Try to be gentle, because you don’t want to mark the surface of the griddle – you’re trying to remove just the hardened grease and burned bits, not everything.
Remember earlier how I told you to add salt to the mix but didn’t tell you why? Well, it was for this stage.
The salt will work as a gentle abrasive to help remove the REALLY stubborn bits of burned food, so you don’t need to put as much effort into removing it because the salt will help gently coax it off for you. Once all the paste has been removed, it’s on to the next step!
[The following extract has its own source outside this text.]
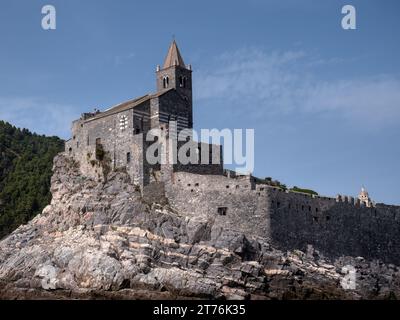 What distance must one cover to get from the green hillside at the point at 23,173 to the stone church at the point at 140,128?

Step 6: Cleaning The Griddle
Now all you need to do is clean the griddle. I’ve covered it before on this blog, so here’s a super quick run down:
- Use a mild dish soap and some hot water
- Use the soft side of a sponge to clean the surface of the griddle
- Make sure you remove all grease and debris
- Get your hands involved to check for any stubborn grease and use more dish soap and hot water as necessary
- If you have an electric griddle, be careful not to get the area around the electrical element wet
Step 7: The All-Important Drying Stage
Once cleaned, take some paper towels and dry every area of the griddle you can get your hands on. This will help prevent rust, so it’s really important you’re thorough at this stage.
When you think you’ve dried everything, leave the griddle uncovered or on a counter if it’s a tabletop griddle to air dry before covering it up or storing it away.
Step 8: Season As Necessary
I said earlier that baking soda paste is quite powerful stuff, so if you feel as though your griddle needs seasoning again to make it easier to clean next time and keep it in its best condition, then you can re-season it at this stage.
Just take your oil of choice, get your griddle as hot as possible and wait until the oil smokes.
Then turn off the heat and allow it to cool – this will provide a nice protective barrier for the next time you use your griddle so it won’t require such a deep clean again.
Final Word With Griddles and Baking Soda
So there you have it, how to clean a griddle with baking soda. It’s easier than you first thought, right?
I hope so anyway, and remember, once you’ve got your griddle looking great again, try to stay on top of cleaning it after every use so you don’t have to return to my guide on cleaning it with baking soda again! Good luck, and happy grilling!